What seems strangely subdued is discussion of the upcoming elections. Less than a week before the February 10 vote for a new parliament and prime minister, a wide variety of the Israelis I've talked to--from cab drivers to professors and lawyers, management consultants to dentists, journalists to national security officials, city residents to kibbutzniks--had not yet decided for whom they would vote and reported that many of their friends and acquaintances hadn't either.

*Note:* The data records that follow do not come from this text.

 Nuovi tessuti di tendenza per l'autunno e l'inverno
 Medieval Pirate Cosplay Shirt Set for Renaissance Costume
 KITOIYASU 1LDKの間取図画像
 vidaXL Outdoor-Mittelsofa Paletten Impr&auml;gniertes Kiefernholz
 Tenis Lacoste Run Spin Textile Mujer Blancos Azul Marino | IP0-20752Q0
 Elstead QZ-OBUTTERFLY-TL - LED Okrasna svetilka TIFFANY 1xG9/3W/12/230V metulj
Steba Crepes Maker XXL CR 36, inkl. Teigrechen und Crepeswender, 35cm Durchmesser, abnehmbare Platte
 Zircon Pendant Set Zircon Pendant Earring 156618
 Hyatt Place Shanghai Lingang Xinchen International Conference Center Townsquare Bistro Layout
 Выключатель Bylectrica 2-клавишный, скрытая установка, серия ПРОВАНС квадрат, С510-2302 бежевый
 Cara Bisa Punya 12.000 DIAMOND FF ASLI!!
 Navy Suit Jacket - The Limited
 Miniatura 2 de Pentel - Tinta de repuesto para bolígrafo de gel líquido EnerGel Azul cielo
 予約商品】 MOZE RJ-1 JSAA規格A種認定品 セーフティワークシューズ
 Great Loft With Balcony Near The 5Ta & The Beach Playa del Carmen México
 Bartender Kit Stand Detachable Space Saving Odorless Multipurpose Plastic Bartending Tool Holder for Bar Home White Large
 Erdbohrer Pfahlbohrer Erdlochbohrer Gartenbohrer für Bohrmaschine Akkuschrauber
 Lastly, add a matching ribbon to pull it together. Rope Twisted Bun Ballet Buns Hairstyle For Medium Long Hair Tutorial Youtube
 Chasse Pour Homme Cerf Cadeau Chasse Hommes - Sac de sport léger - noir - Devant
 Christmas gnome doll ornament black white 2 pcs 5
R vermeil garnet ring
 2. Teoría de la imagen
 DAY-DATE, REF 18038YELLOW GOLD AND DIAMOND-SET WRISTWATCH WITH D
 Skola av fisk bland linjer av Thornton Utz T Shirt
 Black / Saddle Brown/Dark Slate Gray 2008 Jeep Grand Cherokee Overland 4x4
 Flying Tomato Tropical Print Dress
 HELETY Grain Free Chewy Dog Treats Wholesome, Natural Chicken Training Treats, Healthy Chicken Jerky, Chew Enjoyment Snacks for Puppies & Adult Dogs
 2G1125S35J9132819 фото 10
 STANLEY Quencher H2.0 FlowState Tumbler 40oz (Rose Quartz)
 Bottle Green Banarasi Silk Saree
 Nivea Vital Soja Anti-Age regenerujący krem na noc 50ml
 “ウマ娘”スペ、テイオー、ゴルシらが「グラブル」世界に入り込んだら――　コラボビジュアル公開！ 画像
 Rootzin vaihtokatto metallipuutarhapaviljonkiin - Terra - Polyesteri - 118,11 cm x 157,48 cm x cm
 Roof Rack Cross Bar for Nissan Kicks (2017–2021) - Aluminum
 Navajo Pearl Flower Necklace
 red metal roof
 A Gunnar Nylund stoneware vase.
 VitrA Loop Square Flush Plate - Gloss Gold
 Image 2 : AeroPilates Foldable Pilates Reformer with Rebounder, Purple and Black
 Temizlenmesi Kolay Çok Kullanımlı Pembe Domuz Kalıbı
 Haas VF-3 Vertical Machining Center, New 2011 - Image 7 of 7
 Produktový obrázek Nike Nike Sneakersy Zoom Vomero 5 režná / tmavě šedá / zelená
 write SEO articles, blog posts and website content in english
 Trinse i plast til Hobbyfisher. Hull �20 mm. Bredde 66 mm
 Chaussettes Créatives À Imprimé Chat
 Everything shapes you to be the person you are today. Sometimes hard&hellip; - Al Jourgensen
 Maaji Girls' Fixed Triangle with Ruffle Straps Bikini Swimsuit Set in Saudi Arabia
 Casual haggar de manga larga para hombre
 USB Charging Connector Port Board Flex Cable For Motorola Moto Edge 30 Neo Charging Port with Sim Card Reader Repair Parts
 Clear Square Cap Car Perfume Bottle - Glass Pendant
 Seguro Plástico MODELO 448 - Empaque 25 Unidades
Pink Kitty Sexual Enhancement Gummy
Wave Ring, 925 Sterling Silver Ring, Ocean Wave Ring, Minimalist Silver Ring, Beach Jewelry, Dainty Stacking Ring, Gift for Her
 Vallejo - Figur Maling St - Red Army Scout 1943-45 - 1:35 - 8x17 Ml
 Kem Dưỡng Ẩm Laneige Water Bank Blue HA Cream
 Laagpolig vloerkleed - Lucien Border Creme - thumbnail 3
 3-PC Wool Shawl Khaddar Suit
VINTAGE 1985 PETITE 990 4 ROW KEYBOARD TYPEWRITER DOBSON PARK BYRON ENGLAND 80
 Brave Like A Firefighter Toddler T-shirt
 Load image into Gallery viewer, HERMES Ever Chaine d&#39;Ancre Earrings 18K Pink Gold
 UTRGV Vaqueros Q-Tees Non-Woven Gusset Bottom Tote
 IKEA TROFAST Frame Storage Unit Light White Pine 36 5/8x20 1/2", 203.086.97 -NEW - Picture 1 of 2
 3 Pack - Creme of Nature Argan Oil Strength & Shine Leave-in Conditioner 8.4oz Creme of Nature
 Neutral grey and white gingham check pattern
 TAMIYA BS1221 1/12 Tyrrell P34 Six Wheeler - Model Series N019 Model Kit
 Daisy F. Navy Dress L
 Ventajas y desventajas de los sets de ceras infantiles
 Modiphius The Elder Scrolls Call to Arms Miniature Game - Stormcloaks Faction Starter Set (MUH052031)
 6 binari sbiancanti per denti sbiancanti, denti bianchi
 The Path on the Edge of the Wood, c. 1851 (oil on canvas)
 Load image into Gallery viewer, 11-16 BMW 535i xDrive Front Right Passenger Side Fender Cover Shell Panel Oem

Yet the race is close. The most recent polls indicate that opposition leader and former prime minister Benjamin Netanyahu's conservative Likud party will take 26 to 27 seats in the 120-seat Knesset; foreign minister Tzipi Livni's centrist Kadima party will win 23 seats; a surging Israel Our Home, a fiercely nationalist party led by Knesset member and former Netanyahu chief of staff Avigdor Lieberman, will take a stunning 17 to 19 seats; and minister of defense and former prime minister Ehud Barak's left-liberal Labor party, buoyed by the success of Operation Cast Lead in Gaza, is projected to win 15 to 17 seats.
Although, with only four days to go before the election, more than 15 percent of Israelis tell pollsters they are undecided, it remains likely that when the dust settles, the right-wing bloc, which includes Likud, Israel Our Home, and the religious parties, will have won a majority of seats. In Israel's parliamentary system, this means that even if Kadima were to edge out Likud in the voting, President Shimon Peres would still be obliged to invite Netanyahu, the head of the largest right-wing party, to form a government.
Whoever wins will inherit major challenges. Israel remains surrounded on three sides by enemies. To the north in Lebanon, Hezbollah, since the Lebanon war in the summer of 2006, has rearmed and regrouped. To the northeast, Syria, which continues to support Hezbollah and Hamas, has deployed missiles that can reach Tel Aviv. To the east, in the West Bank, Hamas continues to plot terrorist attacks; were the Israel Defense Forces and the Israel Security Agency to reduce their continuous operations beyond the Green Line, few doubt that Hamas rockets would soon rain down on Ben Gurion Airport and downtown Tel Aviv. To the southwest, in Gaza, Hamas is down but not destroyed; unless the flow of weapons through Egypt is cut off, the next substantial Israeli military operation in Gaza will occur sooner rather than later. And behind the scenes, on every front, Iran trains and finances Israel's enemies.
The economy, moreover, while in better shape than many, still has suffered a slowdown, and may be headed for recession. The system of public education has long been underfunded and poorly run. Tel Aviv University, Israel's largest, has been grappling with a severe financial crisis and a dispirited faculty. And Israel's Muslim-Arab minority, around 20 percent of the citizenry, lags behind in all indicators of social and economic well-being and is increasingly alienated from the state.